My son was featured in yesterday’s Sunday New York Times in an article (At First, Funny videos. Now, a Reference Tool) about the unforeseen use of YouTube as a research tool. We all associate videos with entertainment but Tyler has taught me that with the addition of meta-data and micro-chunked content, it’s possible to use YouTube as a rich source of reference material.

I was contacted by the reporter, who had seen a post on ReadWriteWeb about Tyler’s use of YouTube and wanted to bring the story to the New York Times’ readers.

My father commented, “It is the inclination of succeeding generations to simplify.” Tyler is on to something. For certain things (contact juggling, macarena, or bugatti vs. fighter jet), YouTube is going to explain things to you better and quicker than plain old text search results. You can sort by not only Relevance and Date Added but also using meta-data from community actions such as Ratings and View Count. Finally, using the example from the article, if you search on platypus, embedded in the results is a pre-defined playlist of over 40 video clips all about the animal.

Tyler was pleased to see that the article was in the “Bright Ideas” section. His comment about his pose in the photo was that after over 200 photos his head was feeling a little heavy. Strangely, the local newsstand didn’t carry the Sunday Times so we had to go to a Starbucks to get a copy for the photo above and as a keepsake.

January 19, 2009
Techmeme is hiring

Techmeme is hiring someone to tweak their algorithms. It’s a new kind of role but one which I think we’ll be seeing more of in the future; in newsrooms and in corporate PR departments. When it’s so easy to aggregate, the next great war will be over the filter algorithm.

From the posting on craigslist (which I discovered via Matthew Ingram)

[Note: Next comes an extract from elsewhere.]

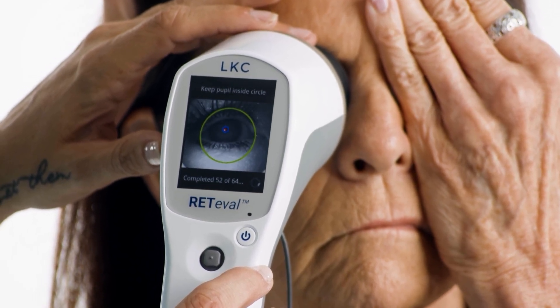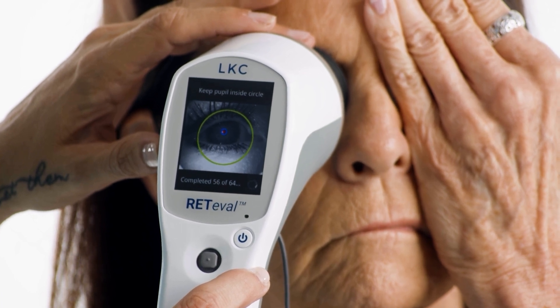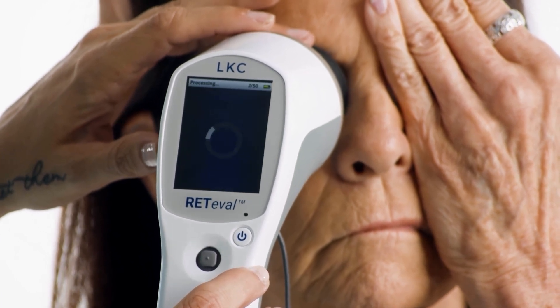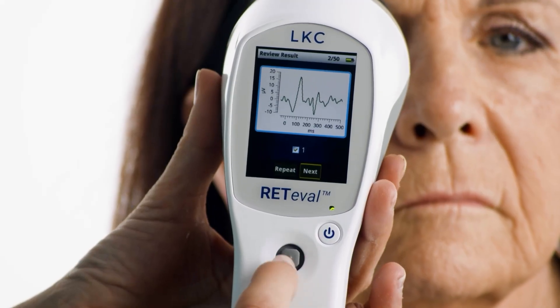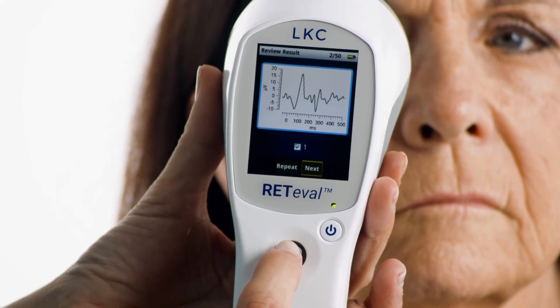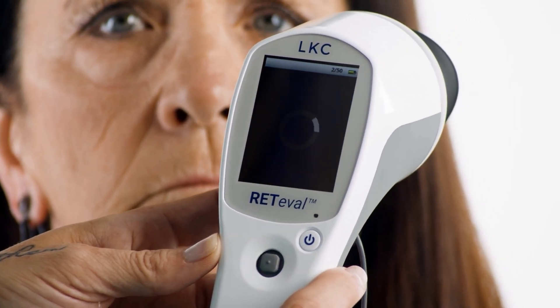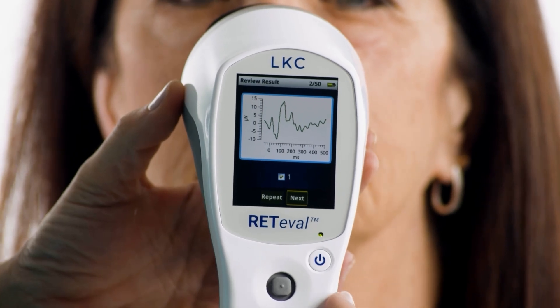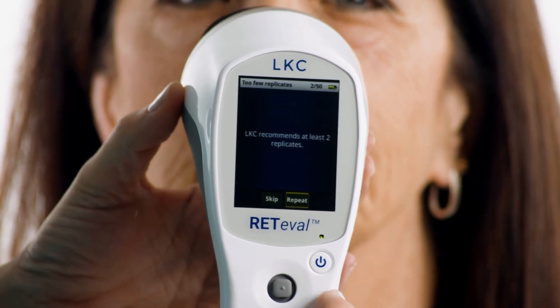You will see a counter on the screen during the test so you can let the patient know how the test is progressing. Once the device has finished collecting data, it will process it and show you a picture of the waveform on the results screen. Repeat the test so that you have two tests per eye. When you're finished testing the right eye, press next on the screen so that you can test the left eye using the same process.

We’re not sure what to call this position. News Technician? News Analyst? Configuring Editor? The role involves interacting with an automated news-picking computer algorithm, configuring it and prodding it to ensure balanced and comprehensive coverage of important news topic areas. It’s the kind of job that possibly has never existed until 2008 but will become increasingly important in the years ahead.

Sounds fascinating.

November 18, 2008
Wagging your Long Tail with Just for You

What if you could ask each reader that came to your blog what they were interested in and show them a list of posts from your archives that matched those interests? I’ve been blogging for over five years and as posts roll off the front page they fade into the archives to be mostly forgotten,.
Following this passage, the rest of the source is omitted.